Forum Discussion

Mike_62629's avatar
Mike_62629
Icon for Nimbostratus rankNimbostratus
Jul 16, 2008

Rate limiting Search Spiders

We're currently having some problems with some web spiders beating up our webservers sucking up available sessions in our application and slurping up a whole bunch of our bandwidth. We're interested in rate-limiting them.

 

 

I found what appeared to be a very relevant iRule at http://devcentral.f5.com/Default.aspx?tabid=109 (third place winner), but when I try to load it up in the iRule editor it complains. It complains, I believe, because HTTP Headers are not available from within CLIENT_ACCEPTED and CLIENT_CLOSED logic. That makes sense because CLIENT_ACCEPTED and CLIENT_CLOSED are associated with building and destroying tcp connections (i believe), so it wouldn't make sense for data (headers/req-uri's) to be transferred at that time.

 

 

Does anyone have any suggestions on how to accomplish this or something similar?

 

 

  • @Colin, I am on version 10.2.1. I would be very interested in some working examples.

     

     

    Personally I think I would rather just have the actual irule to contain the list.

     

    And of course performance is important.

     

     

     

    Thanks

     

     

  • I think you can tell Google and Bing to crawl your sites at a slower rate:

     

     

     

    http://www.bing.com/community/site_blogs/b/webmaster/archive/2009/08/10/crawl-delay-and-the-bing-crawler-msnbot.aspx

     

     

    In the robots.txt file, within the generic user agent section, add the crawl-delay directive as shown in the example below:

     

     

    User-agent: *

     

    Crawl-delay: 1

     

     

     

     

    http://googlewebmastercentral.blogspot.com/2008/12/more-control-of-googlebots-crawl-rate.html

     

     

    We've upgraded the crawl rate setting in Webmaster Tools so that webmasters experiencing problems with Googlebot can now provide us more specific information.
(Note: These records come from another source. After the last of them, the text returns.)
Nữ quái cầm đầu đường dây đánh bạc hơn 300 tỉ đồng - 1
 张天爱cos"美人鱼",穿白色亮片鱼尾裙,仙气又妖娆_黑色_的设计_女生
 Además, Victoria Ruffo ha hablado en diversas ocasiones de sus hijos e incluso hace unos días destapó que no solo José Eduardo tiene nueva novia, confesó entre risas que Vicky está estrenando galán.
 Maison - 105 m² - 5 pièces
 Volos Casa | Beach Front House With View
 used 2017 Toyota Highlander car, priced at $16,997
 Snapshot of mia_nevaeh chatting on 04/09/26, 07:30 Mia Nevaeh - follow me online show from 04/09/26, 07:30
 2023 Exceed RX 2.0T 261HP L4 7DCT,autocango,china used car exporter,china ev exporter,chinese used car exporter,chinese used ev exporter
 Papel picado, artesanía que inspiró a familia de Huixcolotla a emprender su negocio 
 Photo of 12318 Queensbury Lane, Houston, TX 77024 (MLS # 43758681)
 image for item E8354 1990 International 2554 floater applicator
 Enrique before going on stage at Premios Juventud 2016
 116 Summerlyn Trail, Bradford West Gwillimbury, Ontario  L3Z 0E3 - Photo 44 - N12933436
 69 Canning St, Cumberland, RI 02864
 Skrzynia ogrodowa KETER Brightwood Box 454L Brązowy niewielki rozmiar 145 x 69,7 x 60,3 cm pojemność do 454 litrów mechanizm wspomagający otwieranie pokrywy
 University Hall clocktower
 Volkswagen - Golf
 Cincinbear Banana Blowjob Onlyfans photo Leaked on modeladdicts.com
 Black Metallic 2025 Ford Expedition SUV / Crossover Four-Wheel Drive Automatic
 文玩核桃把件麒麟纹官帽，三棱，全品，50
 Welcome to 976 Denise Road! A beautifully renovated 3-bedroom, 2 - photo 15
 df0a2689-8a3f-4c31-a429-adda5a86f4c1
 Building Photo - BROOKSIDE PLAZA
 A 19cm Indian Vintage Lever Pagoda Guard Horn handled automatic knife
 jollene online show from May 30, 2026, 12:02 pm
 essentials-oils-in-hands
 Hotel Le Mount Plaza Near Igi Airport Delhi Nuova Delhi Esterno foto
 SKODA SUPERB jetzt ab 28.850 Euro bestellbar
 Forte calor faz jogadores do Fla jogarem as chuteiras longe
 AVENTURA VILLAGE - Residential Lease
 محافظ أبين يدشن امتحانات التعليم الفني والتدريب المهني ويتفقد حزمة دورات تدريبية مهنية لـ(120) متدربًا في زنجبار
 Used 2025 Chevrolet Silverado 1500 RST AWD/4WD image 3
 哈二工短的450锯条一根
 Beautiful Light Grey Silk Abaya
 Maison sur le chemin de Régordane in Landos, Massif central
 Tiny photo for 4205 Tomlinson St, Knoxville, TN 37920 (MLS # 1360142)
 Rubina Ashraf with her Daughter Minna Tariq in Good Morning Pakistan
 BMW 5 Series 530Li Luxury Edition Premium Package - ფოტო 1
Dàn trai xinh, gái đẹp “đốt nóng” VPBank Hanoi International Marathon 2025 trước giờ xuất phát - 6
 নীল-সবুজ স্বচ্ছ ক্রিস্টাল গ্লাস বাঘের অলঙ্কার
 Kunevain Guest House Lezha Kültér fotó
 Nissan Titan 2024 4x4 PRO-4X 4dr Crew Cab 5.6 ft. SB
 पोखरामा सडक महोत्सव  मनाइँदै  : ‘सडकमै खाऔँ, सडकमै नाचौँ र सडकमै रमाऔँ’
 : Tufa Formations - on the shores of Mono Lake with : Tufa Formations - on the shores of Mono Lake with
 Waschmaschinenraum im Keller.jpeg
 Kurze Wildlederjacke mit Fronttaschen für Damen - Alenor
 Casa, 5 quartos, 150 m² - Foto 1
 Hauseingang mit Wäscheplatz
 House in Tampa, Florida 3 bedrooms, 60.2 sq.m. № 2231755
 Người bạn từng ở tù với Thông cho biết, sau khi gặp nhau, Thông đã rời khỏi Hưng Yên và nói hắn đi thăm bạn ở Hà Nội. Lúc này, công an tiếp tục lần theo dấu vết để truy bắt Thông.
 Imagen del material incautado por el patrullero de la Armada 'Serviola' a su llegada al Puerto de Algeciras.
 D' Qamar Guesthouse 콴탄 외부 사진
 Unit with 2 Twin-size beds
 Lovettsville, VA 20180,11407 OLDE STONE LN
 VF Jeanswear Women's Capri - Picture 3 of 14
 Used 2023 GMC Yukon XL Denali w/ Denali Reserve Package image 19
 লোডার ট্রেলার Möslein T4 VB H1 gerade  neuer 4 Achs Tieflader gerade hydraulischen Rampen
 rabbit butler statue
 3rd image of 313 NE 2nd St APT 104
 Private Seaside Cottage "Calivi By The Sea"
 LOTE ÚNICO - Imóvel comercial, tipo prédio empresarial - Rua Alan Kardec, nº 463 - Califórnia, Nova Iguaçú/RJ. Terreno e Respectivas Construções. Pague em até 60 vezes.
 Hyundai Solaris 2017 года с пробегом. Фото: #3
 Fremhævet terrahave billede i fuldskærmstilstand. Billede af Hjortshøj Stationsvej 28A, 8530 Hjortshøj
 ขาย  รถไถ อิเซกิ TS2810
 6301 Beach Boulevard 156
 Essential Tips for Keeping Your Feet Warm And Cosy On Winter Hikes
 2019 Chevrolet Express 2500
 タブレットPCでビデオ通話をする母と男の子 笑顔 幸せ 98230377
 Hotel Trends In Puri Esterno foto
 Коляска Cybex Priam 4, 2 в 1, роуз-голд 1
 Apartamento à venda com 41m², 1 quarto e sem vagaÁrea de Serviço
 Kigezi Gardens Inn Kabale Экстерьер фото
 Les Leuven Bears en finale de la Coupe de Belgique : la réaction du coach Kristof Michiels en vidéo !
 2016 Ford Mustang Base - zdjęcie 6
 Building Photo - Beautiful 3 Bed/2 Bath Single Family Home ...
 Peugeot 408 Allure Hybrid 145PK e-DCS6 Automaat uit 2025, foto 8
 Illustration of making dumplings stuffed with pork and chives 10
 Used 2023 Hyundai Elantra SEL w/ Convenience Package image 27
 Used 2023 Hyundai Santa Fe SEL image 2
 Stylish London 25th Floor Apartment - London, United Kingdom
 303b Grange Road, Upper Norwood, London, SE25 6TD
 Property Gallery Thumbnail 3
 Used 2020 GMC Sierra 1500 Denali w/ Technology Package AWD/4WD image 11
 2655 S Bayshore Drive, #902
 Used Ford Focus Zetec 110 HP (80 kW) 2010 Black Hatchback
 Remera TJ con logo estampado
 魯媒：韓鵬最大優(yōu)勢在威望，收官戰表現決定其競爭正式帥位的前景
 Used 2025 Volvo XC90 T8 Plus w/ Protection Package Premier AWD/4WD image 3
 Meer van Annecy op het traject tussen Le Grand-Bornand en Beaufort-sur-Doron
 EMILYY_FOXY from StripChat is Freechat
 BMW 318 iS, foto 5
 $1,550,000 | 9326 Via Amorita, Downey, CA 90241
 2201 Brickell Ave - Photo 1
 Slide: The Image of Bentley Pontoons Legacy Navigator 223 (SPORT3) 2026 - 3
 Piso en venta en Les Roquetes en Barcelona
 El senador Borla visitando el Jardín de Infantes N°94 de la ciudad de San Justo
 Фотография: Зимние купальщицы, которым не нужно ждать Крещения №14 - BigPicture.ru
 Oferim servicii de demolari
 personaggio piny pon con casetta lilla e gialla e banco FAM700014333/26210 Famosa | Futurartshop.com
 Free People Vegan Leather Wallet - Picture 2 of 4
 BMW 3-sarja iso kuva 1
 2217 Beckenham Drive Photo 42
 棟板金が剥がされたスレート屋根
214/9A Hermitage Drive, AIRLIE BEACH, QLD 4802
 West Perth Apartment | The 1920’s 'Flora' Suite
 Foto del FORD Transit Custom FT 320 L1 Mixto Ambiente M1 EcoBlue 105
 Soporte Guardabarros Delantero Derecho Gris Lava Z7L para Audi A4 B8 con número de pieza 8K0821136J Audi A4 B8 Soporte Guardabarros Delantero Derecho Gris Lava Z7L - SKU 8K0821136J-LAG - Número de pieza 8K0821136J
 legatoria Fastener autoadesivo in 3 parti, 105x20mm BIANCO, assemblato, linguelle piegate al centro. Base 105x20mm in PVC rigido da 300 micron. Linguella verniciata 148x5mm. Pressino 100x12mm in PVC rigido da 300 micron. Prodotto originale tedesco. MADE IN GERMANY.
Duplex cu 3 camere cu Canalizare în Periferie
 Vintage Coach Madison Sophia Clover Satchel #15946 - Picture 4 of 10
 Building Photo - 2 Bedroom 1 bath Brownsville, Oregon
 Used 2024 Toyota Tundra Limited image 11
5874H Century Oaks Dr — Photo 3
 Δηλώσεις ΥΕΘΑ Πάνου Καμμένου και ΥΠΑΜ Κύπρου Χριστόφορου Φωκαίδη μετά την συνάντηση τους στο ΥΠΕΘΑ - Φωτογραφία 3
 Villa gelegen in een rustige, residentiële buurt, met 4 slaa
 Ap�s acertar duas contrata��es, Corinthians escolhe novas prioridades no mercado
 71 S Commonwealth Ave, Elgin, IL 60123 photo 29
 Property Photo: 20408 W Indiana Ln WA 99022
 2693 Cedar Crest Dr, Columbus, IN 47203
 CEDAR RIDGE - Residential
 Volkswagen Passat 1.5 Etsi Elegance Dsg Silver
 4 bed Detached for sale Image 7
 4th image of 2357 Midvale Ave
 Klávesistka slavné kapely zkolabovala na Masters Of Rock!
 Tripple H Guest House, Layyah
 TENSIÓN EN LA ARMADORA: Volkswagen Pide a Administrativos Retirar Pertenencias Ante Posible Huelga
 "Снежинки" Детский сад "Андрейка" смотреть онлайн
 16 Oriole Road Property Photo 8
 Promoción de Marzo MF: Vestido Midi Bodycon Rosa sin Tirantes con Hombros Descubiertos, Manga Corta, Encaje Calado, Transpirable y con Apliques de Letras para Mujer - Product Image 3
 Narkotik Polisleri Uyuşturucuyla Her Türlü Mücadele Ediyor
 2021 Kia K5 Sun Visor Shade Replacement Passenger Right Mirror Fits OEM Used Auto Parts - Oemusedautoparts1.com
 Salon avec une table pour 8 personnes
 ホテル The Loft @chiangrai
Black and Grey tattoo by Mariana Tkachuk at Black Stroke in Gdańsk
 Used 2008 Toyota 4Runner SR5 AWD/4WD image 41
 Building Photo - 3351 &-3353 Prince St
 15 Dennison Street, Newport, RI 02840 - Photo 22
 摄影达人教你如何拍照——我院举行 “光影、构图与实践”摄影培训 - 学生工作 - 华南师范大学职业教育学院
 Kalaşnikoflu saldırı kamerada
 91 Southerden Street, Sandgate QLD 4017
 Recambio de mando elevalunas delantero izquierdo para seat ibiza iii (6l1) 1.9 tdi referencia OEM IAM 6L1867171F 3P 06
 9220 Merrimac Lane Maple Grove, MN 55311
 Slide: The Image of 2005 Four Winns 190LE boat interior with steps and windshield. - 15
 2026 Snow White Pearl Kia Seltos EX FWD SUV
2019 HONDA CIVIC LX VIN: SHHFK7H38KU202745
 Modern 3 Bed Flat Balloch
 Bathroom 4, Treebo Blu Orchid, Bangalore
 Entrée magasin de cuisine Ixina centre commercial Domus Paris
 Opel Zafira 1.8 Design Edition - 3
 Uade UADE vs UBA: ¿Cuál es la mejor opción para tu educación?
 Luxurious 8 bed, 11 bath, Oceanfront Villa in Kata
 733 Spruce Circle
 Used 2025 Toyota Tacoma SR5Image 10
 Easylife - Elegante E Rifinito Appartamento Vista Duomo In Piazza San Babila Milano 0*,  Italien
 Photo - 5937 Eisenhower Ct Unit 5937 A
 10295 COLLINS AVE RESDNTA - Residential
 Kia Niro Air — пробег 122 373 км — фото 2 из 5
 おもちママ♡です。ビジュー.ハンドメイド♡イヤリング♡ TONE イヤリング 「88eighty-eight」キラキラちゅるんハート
Crawl rate for your site determines the time used by Googlebot to crawl your site on each visit.

     

     

     

    If those options don't work for you it might be better to assign a rateclass for search engine spiders rather than sending back a 503. It should add less overhead on LTM and provide faster overall crawl times. Of course, I'm not an SEO expert so this is something you might want to research before using.

     

     

    You could use a list of spider user-agents like this to identify spiders:

     

     

    http://www.useragentstring.com/pages/Crawlerlist/

     

     

    You could either check the User-Agent header using a switch statement or putting the header tokens in a data group and using the class command to do the lookup. Once you identify a spider you could assign a rate class:

     

     

    http://devcentral.f5.com/wiki/iRules.switch.ashx

     

    http://devcentral.f5.com/wiki/iRules.class.ashx

     

    http://devcentral.f5.com/wiki/iRules.rateclass.ashx

     

     

    Aaron
  • Hi there, we are a SaaS company and therefore don't have control of all our communities submissions to Search engines. As well each of our Communities we allow the ability for them to have a robots.txt file as well. These robots.txt files are handled and server up with Code and not sitting in the root of the typical web server.

     

     

    Here you can see why I need to control speed from the F5 for robots.

     

     

    When searching on this site it seems this thread beginning is what I am after. Now I am just hoping someone has a working examples and can help me.

     

     

     

    thanks for your input.